A grouse shoot near Hebden Bridge is at the centre of legal action against the UK government over the burning of bog land habitats.
The European Commission has issued legal action following complaints about burning of blanket bog at the Walshaw Moor estate.
The sponge-like bog provides a natural habitat for birds and other species and helps prevent flooding by absorbing rain water.
Environmentalists say burning it off increases the risk of flash flooding because rainwater flows moor quickly into streams and rivers.
The RSPB and action group Ban the Burn previously complained about an agreement drawn up four years ago between Natural England and the 6,500-acre grouse shooting estate.
Now the European Commission is investigating whether environmental rules have been breached in relation to Walshaw Moor and other sites around England.
An RSPB spokesman said: “The complaint emanated from growing concerns we had about the way that the estate was being managed.

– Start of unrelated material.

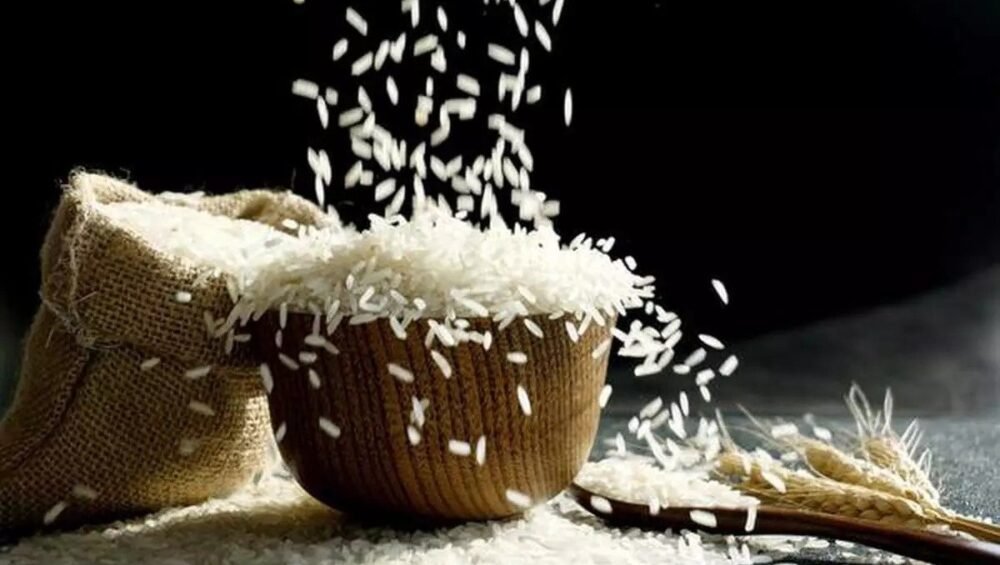 BLinkRice-in-a-wooden-bowl_11zon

“Burning of blanket bog is systemic across large parts of English uplands.”
A Letter of Formal Notice in relation to “Bad application of Habitats Directive to blanket bog habitats in the English SACs (Special Areas of Conservation)” is listed on the European Commission’s website.
A spokeswoman for the Commission said the action was at the pre-litigation stage and a remedy would be sought to avoid court proceedings.
She added: “We can confirm that the Commission is investigating a possible breach of the Habitats Directive, in particular the practice of burning blanket bog habitat in the English special areas of conservation including at Walshaw Moor.”
The formal notice letter was not publicly available.
The Department for Environment, Food and Rural Affairs (DEFRA) confirmed the formal notice had been received, but could not comment further on ongoing legal action.